June 19, 2012

beckoning + the process

things are always changing and yet always staying much the same. at least what i find myself focusing on or coming back to time and again.

like seeking balance.

i've been saying that i've wanted to find balance and only recently did it occur to me that balance, too, is an illusion.

once we achieve some state of perceived balance, something shifts somewhere and the whole thing is off-kilter again and it's time to start the process all over again.

it's a never-ending process.

i know some of you are probably laughing, like, "duh!," but sometimes i'm really slow to accept a concept enough that i can live it.

balance is ongoing. once achieved, the process starts again, sometimes a new process begins before an old one has come to an end.

days are somewhat easier, emotions are not.

waves can be ridden faster but the highs and the lowest of lows still happen.

i can breathe a little easier. it's all balance. all the time.

one big juggling routine.

all that said, i have no earthly idea how to balance taking pretty photos, living my best life, being patient with the kids always, 100% of the time, maintaining some socially acceptable ideal or my own idea of the perfect
{ earth } mother who can magically manage to meet everyone's needs, as well as her own, as well as paint and write and put a load of laundry away on the same day i wash it.

right now i'm balancing domestic duties, accounts receivables for my husband's business, playing/learning with the kids, and painting. writing and taking pictures off my camera in a timely manner and even maintaining more than the most basic of domestic duties is too much. when i start to direct too much time and energy to other things, the little bit of flow i think i've found gets all knotty.

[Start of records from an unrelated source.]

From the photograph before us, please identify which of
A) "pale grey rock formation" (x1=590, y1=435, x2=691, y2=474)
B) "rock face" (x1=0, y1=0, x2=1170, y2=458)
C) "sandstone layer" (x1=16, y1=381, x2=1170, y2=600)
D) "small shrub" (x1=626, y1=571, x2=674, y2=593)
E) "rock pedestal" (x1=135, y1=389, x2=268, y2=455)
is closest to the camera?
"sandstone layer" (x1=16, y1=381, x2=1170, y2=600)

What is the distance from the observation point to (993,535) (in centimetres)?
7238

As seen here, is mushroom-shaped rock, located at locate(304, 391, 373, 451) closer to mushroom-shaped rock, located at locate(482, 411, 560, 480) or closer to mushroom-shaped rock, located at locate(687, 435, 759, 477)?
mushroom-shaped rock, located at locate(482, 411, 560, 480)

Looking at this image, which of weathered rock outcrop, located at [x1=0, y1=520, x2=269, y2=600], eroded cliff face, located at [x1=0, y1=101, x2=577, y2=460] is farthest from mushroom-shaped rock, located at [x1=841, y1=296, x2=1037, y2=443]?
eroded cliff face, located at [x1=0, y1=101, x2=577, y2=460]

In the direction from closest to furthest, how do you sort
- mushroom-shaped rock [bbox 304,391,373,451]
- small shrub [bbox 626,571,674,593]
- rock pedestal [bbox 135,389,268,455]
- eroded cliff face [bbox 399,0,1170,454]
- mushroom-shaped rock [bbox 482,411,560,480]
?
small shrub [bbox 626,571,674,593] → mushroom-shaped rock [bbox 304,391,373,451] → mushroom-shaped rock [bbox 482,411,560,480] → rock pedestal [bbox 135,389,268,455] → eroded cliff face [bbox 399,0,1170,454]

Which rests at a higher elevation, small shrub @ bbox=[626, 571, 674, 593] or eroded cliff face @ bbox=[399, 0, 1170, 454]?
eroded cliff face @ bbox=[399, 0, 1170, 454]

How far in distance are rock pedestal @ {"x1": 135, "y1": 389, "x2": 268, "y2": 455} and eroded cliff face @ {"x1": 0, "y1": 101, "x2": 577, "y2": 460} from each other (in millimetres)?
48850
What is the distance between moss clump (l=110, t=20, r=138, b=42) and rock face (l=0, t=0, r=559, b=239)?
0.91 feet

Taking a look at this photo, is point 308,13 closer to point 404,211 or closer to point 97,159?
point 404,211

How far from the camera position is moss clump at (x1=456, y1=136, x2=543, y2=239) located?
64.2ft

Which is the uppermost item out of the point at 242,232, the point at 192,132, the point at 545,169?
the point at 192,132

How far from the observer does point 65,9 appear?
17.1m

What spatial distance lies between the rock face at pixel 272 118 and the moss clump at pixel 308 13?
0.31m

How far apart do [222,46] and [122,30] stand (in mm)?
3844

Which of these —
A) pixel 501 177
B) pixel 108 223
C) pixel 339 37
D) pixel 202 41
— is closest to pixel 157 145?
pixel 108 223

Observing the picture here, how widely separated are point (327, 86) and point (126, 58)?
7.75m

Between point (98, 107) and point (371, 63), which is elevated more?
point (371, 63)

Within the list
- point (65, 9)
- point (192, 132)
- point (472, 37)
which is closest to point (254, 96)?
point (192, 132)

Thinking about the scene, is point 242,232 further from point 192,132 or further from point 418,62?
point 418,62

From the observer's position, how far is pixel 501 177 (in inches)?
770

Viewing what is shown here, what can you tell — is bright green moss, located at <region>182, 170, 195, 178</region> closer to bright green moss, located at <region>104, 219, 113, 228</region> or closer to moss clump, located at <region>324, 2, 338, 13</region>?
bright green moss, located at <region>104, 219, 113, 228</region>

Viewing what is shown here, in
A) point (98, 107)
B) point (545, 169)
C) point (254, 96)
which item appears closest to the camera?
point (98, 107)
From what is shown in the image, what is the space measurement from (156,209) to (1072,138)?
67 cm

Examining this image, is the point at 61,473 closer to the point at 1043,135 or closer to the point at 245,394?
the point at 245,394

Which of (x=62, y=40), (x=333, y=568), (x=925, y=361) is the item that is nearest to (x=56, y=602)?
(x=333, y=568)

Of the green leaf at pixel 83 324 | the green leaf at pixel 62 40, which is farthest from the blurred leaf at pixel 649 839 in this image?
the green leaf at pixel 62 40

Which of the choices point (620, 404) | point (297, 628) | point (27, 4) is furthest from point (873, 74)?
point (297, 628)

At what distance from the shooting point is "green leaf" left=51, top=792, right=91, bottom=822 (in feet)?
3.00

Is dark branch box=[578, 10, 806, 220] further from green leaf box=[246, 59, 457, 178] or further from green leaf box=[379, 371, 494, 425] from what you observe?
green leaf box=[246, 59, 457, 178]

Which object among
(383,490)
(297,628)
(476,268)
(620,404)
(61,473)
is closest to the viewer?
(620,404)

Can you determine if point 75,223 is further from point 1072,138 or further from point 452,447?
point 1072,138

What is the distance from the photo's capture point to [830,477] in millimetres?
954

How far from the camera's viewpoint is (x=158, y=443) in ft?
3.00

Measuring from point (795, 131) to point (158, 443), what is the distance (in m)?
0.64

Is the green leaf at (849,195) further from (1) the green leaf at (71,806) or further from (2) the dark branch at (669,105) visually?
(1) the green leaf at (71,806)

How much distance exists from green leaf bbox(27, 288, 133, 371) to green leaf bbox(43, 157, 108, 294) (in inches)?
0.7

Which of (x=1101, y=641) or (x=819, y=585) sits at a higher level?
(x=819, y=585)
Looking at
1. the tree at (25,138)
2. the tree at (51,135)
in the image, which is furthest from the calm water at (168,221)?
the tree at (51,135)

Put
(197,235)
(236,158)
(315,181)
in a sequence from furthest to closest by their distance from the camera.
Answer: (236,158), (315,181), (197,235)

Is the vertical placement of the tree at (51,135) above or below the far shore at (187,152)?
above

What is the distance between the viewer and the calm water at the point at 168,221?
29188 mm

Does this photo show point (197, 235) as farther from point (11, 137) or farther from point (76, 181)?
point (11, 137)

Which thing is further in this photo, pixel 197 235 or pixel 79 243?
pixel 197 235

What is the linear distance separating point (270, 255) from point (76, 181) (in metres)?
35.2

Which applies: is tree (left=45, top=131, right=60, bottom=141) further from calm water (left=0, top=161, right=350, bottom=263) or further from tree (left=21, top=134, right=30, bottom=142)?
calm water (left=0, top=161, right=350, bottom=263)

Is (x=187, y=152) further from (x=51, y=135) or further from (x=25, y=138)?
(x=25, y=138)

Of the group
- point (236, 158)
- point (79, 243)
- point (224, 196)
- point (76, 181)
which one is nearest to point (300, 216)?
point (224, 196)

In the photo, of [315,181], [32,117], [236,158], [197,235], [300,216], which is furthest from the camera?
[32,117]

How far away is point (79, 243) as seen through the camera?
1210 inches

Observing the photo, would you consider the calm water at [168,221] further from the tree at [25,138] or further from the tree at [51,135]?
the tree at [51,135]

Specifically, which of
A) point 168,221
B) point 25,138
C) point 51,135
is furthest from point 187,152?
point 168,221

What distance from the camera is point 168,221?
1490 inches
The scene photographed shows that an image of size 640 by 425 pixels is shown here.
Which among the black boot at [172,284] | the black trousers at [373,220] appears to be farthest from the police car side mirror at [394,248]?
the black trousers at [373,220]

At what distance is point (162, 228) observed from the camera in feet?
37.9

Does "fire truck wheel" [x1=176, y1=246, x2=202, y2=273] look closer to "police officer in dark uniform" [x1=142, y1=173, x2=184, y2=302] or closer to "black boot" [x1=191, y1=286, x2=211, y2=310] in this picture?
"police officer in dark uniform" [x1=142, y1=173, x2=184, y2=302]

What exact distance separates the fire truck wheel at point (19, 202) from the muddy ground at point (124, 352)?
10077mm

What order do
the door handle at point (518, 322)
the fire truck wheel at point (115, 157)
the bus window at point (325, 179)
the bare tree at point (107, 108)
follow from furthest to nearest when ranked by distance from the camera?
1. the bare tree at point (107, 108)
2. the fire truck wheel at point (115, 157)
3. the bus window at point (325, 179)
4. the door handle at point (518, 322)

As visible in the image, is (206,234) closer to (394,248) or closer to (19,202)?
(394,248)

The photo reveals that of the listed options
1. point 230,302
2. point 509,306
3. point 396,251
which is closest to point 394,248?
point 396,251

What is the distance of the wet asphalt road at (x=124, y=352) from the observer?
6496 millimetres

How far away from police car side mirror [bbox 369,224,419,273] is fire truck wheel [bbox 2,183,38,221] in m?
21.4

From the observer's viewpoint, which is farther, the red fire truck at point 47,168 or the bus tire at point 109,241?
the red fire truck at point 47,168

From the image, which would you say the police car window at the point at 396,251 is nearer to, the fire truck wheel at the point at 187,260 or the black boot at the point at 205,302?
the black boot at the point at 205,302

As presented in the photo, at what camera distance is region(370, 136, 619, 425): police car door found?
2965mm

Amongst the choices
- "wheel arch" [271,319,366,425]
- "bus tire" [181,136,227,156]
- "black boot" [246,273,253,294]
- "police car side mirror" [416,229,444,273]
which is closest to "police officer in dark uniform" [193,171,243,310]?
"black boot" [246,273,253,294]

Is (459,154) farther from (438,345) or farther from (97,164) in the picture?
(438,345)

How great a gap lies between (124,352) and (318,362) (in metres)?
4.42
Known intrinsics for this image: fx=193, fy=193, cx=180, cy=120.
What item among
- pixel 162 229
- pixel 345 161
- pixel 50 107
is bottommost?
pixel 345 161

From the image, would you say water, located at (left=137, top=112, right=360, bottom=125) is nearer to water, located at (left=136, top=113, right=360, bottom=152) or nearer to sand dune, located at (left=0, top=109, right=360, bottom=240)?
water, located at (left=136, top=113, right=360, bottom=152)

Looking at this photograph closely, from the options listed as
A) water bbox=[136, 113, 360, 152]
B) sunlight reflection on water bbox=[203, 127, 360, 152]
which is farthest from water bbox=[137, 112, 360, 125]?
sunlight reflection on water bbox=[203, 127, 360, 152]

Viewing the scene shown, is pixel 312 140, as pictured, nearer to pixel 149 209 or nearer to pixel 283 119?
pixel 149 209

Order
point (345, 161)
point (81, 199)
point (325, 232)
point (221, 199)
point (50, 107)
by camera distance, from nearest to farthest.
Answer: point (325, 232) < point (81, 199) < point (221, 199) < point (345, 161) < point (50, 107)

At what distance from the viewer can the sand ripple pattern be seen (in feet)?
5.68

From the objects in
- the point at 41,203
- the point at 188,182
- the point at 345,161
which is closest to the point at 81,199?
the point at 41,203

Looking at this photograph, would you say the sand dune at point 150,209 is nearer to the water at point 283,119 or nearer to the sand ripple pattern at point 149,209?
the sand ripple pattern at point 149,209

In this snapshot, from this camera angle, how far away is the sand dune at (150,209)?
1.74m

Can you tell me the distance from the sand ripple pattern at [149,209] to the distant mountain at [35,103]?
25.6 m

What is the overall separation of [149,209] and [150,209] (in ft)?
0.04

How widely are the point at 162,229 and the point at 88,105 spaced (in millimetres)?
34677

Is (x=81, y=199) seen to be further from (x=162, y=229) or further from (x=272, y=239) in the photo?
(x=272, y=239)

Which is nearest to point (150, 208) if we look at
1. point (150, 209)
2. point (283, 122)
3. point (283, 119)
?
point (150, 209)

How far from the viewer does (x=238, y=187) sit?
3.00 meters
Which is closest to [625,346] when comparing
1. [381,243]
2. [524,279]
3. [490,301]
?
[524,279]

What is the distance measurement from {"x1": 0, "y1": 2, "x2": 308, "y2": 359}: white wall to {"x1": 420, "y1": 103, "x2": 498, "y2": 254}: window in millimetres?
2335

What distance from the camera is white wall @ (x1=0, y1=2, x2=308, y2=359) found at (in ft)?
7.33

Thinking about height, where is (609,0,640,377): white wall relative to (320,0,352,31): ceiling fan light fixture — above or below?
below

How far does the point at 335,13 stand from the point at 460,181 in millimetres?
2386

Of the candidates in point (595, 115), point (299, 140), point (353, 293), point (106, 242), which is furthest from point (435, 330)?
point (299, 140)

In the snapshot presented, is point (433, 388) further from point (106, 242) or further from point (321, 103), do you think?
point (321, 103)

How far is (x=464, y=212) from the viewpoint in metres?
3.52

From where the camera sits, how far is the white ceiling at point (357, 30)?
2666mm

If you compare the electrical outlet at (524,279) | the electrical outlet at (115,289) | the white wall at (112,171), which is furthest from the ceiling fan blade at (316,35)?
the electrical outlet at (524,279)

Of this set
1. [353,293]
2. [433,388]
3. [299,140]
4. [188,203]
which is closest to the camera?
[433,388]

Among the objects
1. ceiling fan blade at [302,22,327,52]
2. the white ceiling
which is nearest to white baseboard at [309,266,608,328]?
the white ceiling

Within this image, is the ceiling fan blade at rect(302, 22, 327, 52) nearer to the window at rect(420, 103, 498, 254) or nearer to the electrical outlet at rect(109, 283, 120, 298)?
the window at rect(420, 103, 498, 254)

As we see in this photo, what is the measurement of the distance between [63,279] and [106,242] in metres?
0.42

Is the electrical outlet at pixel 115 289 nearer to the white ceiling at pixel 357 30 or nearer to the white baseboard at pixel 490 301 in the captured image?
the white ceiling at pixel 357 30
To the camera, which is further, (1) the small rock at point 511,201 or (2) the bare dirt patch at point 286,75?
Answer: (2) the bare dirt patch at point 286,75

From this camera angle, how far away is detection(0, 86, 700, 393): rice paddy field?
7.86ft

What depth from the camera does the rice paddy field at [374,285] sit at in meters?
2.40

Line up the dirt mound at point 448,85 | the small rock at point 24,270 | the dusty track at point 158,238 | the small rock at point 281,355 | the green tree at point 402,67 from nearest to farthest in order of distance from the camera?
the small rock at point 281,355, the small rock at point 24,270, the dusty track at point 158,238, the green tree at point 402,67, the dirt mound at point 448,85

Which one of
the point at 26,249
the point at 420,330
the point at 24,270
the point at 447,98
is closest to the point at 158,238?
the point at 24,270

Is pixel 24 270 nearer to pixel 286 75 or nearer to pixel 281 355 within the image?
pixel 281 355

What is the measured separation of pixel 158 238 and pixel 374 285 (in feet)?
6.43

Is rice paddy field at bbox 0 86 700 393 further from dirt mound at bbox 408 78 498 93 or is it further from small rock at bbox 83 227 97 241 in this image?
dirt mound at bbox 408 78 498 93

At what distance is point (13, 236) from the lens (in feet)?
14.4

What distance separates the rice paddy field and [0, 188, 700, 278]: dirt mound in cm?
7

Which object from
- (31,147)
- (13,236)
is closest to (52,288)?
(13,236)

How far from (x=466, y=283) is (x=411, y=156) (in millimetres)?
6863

the most important thing could be and probably is that i am more available to my kids but i don't know if i think that more to comfort myself or others. lately, the topic of how devoted does a mother have to be has come up in conversations and on facebook. i've decided that it only matters what one thinks of themselves (again with the duh. i know.) but if i am to take some of my own advice i'd have to admit here that the perfect mother does not exist and is certainly not a woman who gives so completely of herself that she has nothing left. no matter how ingrained the ideal of the selfless mother is within some of us, it's impossible to attain. this is a subject grappled by far better intellectuals than me and since i'm only now learning to live my true ideal, which includes shedding my own strict standards of what makes one a perfect or even a good mother, i won't get into it more.

but i will say that i think my learning to balance these specific areas of my life is simply so that i have time to paint. i think that if i'm honest with myself, the most important thing is that i am making time to paint.

it took a long time and i carefully avoided making my own space within our home. last week i spent a long night in my studio while everyone slept. it was gorgeous. it was better than i could have imagined. i know we're all told that the kitchen table will do and for a lot of us, it will or it can.

i don't want to feel guilty that i have a space to call my very own. i needed this.

interestingly enough, i recently picked up some anais ninthat a friend gave me for my birthday. nin talks about this very thing i'm experiencing - mentioning judy chicago's study that showed that male artist are more likely to have a studio completely separate from the home while women artists are most likely to use a common area like the dining room or a spare bedroom. so interesting. she also mentions a room of one's own by virginia woolfe. these are my people, these are the little whispers that allow my own inner voice to shine. that nudge me to tell my truth.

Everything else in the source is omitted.